The interesting bit of law came from a quote of what the man’s solicitor said, which was to the effect that the plaintiff is seeking damages under the Australian Consumer Law (ACL) and the Civil Aviation (Carrier’s Liability) Act, which for ease of reference I’ll give the somewhat unfortunate acronym of CACLA.

 

Negligence actions framed as a breach of the ACL provide a useful means of circumventing the various liability hurdles and damages caps contained in the Civil Liability Act 2002 and its cognate provisions in other states (cf: Nair-Smith v Perisher). For this reason, it has become a common cause of action where a contractual relationship exists between the relevant parties such as there would have been here.

 

Though not specified in the article, the implied term of due skill and care may be the go-to, or with respect to the supplier sub-contracted to prepare the meal (ie. the “manufacturer”, as defined in the ACL), which the article reports has also been sued, a breach of the statutory obligation to supply safe and/or merchantable goods.

 

There is a defence to that latter action if the manufacturer can show the alleged defect wasn’t there at the time of supply. The airline’s claim, also referred to in the article, that the meal went through a metal detector twice before it made it onto the plane may well assist both it and the supplier in this regard. Similar issues arose in a case called Effem Foods v Nicholls [2004] NSWCA 332 where a consumer was injured by a safety pin concealed within a chocolate bar.

 

The article’s lack of detail regarding that aspect of the claim (there’s that problem again) deems any further comment on this part of the claim otiose (such a judge’s word that I feel a little bit of an imposter in using it). But it’s the CACLA part of the claim that interested me more anyway. CACLA is applicable where a person sustains “bodily injury” whilst on an aircraft or during the course of embarking or disembarking.

 

It was no doubt a particularly appealing basis upon which to claim in the context of these facts because CACLA imposes strict liability, thereby removing the need for the claimant to prove negligence to complete his cause of action.

 

However, if a plaintiff claims for pure psychiatric injuries under CACLA, a decision of the NSW Court of Appeal handed down in March 2017 has now made things more difficult. In Pel-Air Aviation Pty Ltd v Casey [2017] NSWCA 32 the Court was asked to deal with the question of whether PTSD is a “bodily injury” as that term is understood by CACLA.

 

At this point I should say that the decision may also prove to be of some moment in the interpretation of other statutes incorporating those words, of which there are a few.
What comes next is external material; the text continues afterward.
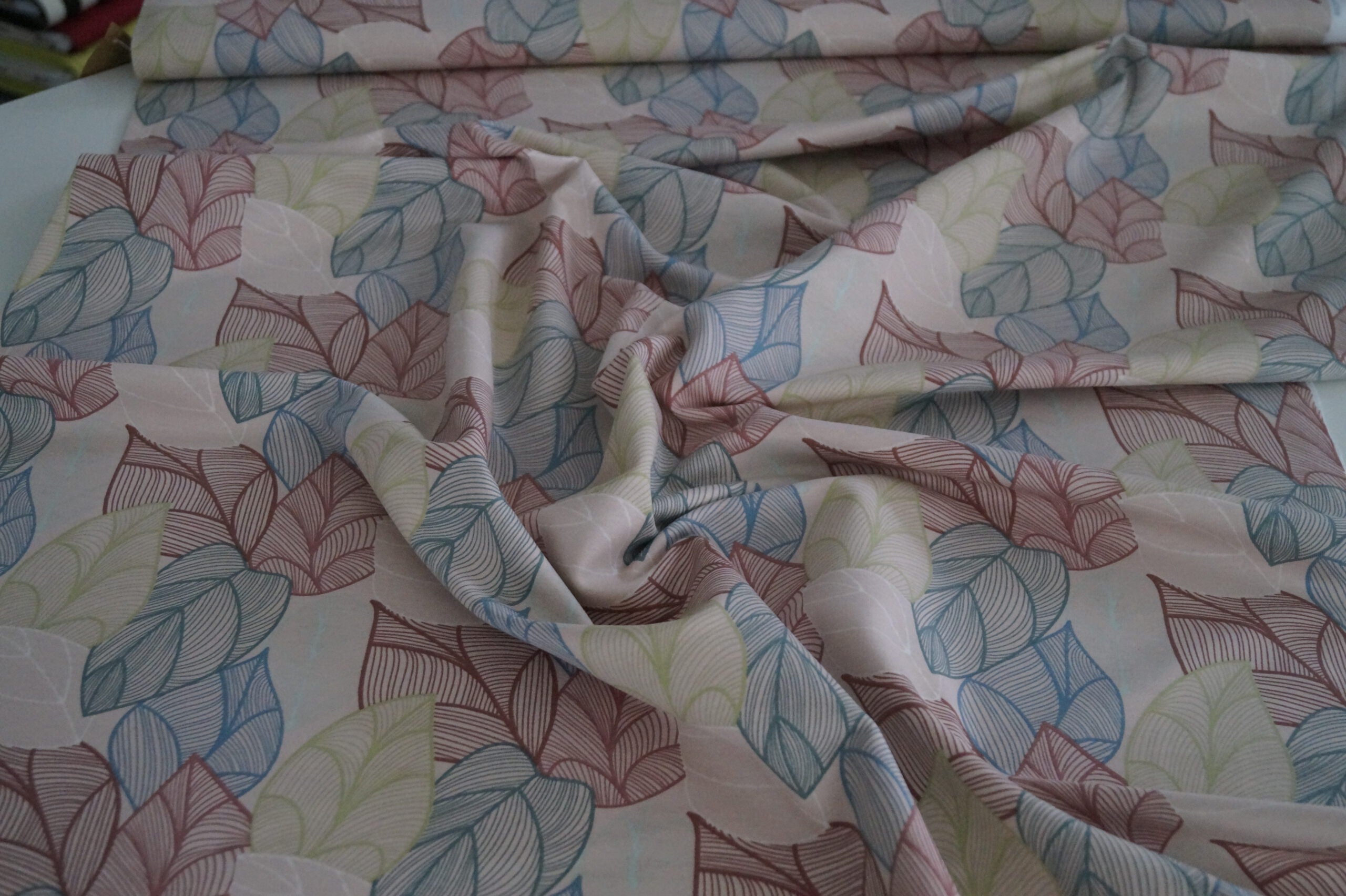 Bio-Baumwolljersey rosa mit Blättern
Section 25 of the Companion Animals Act 1998 (NSW), which deals with the (strict) liability of dog owners for injuries caused by their pooches, is one that immediately comes to mind.

 

The plaintiff in Pel-Air was a passenger in a small plane that the pilot was forced to ‘ditch’ into the sea off Norfolk island due to bad weather. As a result, she spent about 90 minutes in the water, suffering multiple injuries including PTSD.

 

It is accepted law that where a physical injury and psychological injury are connected, this kind of psychiatric injury will meet the “bodily injury” requirement. Some of the plaintiff’s psychiatric injuries in Pel-Air fell into this category. However, for what is often termed “pure” psychiatric injury, such as the PTSD suffered by the plaintiff in Pel-Air something more would be required.

 

Nevertheless, at first instance, Justice Schmidt of the NSW Supreme Court determined that given the plaintiff’s PTSD had resulted in ongoing dysfunction that was “consistent with chemical changes in her brain and body and alterations in her brain’s neurotransmitter pathways, which [had] prevented a return to normal brain function”, this was enough for it to be properly categorised as a “bodily injury”.

 

On appeal, Justice Macfarlan (with whom Justices Ward and Gleeson agreed) undertook a detailed analysis of the evidence provided by the experts commissioned by each party and in particular, the joint document produced by them after they had ‘conclaved’, which read (quoted at judgment [21]):

 

“There is meta-analytic research evidence to suggest that in some persons suffering from PTSD or Generalised Anxiety Disorder can suffer from physical changes to specific areas on the brain [sic], [eg.] shrinkage of the hippocampus…[or] changes to the prefrontal areas of the brain… [However], the experts agree that there is no evidence available to them (i.e. imaging) that will prove that the plaintiff has structural changes to her brain.” [emphasis added]

 

His Honour then undertook an interesting review of the case authorities in the United Kingdom, the United States and Canada on the point, which were all highly relevant given that their legislation, in the same way as CACLA, includes the words “bodily injury”, as a result of them all having incorporating the unifying Montreal Convention into their domestic law.

 

Consistent with those authorities, the Court found that something more than malfunctioning or chemical change must to be shown for a claim to be made out in respect of pure psychiatric injury under CACLA. For example, structural or what his Honour referred to as “actual physical damage” (at [47]). It seems that a plaintiff alleging pure psychiatric injury under CACLA will now need brain imaging showing a change in brain architecture in order to succeed.

 

Excuse the pun, but to me this would seem like a bit of a body blow to what might otherwise be a rather straightforward statutory claim.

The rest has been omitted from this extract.